Information
- League: Independent (1934–1937);
- Location: Louisville, Kentucky
- Established: 1934
- Disbanded: 1937

= Zulu Cannibal Giants =

American novelty baseball team

The Zulu Cannibal Giants were an American Negro league baseball team (they referred to themselves as a Baseball "Zulu Tribe", based on a concept inspired by the war in Ethiopia), formed in 1934 by Charlie Henry in Louisville, Kentucky.

==Background==
The Zulu Cannibal Giants gained notoriety for their propensity to turn a baseball game into a comedy performance, much in the same way that the Harlem Globetrotters did with basketball many years later. The Zulu Cannibal Giants decorated their faces and bodies with African tribal paint, went shirtless, wore only grass skirts, used special custom-made baseball bats crafted to supposedly resemble Ethiopian war clubs, and always played barefoot. The players did not use their real names, but rather played under "native" names, as shown in a game lineup from 1935 listing: "Wahoo, right field, Limpopo, first base," among others.

Promoter Syd Pollock's booking agency scheduled games for the Cannibal Giants in 1935. Pollock also managed a similar novelty team called the Indianapolis Clowns (also known as the Cincinnati Clowns, and the Ethiopian Clowns).

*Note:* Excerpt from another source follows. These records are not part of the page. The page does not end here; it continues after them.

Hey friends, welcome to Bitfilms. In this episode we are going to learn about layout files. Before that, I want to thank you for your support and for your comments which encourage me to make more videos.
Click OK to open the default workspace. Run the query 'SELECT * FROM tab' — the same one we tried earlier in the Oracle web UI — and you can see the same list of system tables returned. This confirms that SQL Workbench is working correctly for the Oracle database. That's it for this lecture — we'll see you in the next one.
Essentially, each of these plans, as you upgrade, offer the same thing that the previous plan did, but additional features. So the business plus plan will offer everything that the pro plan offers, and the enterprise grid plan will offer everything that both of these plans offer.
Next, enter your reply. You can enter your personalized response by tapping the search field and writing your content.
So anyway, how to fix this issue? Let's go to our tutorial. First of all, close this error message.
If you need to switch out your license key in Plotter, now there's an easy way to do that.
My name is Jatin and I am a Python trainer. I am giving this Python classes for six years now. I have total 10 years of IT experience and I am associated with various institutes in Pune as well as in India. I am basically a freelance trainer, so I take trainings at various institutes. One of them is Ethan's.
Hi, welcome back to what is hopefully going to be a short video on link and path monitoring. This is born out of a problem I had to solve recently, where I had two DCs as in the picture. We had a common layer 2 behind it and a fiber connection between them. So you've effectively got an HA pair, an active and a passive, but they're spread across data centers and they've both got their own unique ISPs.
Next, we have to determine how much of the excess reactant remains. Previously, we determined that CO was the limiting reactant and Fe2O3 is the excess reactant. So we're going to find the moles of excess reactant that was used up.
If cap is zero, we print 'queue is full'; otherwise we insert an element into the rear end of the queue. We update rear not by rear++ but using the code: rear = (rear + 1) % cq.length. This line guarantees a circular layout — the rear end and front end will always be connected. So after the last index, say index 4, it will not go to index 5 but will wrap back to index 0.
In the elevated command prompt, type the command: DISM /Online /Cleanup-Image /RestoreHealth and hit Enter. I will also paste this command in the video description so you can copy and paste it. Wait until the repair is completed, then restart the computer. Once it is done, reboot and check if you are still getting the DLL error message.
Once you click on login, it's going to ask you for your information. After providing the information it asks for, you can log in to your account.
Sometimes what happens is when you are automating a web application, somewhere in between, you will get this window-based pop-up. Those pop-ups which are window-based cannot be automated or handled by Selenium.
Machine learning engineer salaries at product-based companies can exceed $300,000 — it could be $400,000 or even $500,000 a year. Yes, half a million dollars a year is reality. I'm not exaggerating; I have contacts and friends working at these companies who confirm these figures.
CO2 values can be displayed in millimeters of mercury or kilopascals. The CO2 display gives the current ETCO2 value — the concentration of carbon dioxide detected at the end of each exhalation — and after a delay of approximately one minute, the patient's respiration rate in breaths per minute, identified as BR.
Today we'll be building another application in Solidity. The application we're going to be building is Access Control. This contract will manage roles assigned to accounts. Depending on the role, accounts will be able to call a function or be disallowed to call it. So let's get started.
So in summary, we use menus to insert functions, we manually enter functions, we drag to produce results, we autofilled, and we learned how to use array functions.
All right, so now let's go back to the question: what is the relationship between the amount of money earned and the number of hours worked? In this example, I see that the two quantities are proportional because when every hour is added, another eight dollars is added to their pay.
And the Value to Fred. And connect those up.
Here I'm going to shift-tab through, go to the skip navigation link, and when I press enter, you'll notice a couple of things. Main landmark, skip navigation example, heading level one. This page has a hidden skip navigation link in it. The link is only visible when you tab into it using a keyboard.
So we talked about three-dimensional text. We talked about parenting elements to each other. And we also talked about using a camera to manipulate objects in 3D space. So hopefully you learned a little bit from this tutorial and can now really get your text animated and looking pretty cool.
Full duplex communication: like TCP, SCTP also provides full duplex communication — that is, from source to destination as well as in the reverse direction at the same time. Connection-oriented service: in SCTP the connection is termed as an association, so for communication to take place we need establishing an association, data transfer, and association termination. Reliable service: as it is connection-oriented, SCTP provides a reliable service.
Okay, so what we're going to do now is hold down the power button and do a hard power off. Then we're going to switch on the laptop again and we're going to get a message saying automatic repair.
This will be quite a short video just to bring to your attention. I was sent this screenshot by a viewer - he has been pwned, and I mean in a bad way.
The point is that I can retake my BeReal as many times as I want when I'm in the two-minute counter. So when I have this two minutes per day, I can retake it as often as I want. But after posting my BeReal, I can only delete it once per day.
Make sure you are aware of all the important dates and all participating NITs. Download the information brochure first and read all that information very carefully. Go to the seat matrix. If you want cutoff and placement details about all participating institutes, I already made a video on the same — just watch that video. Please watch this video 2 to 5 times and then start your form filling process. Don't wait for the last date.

Popularly regarded as a Negro league team, they technically were not accepted members of the formal league.

==Controversy==
Although the team was extremely popular with the public, some black athletes disapproved of the Cannibals because of the stereotype.
The team "shows the depths people would go to exploit African-Americans," says author Phil Dixon.
A popular player, John "Buck" O'Neil, wrote in his autobiography that, "looking back on it, the idea of playing with the Cannibal Giants was very demeaning".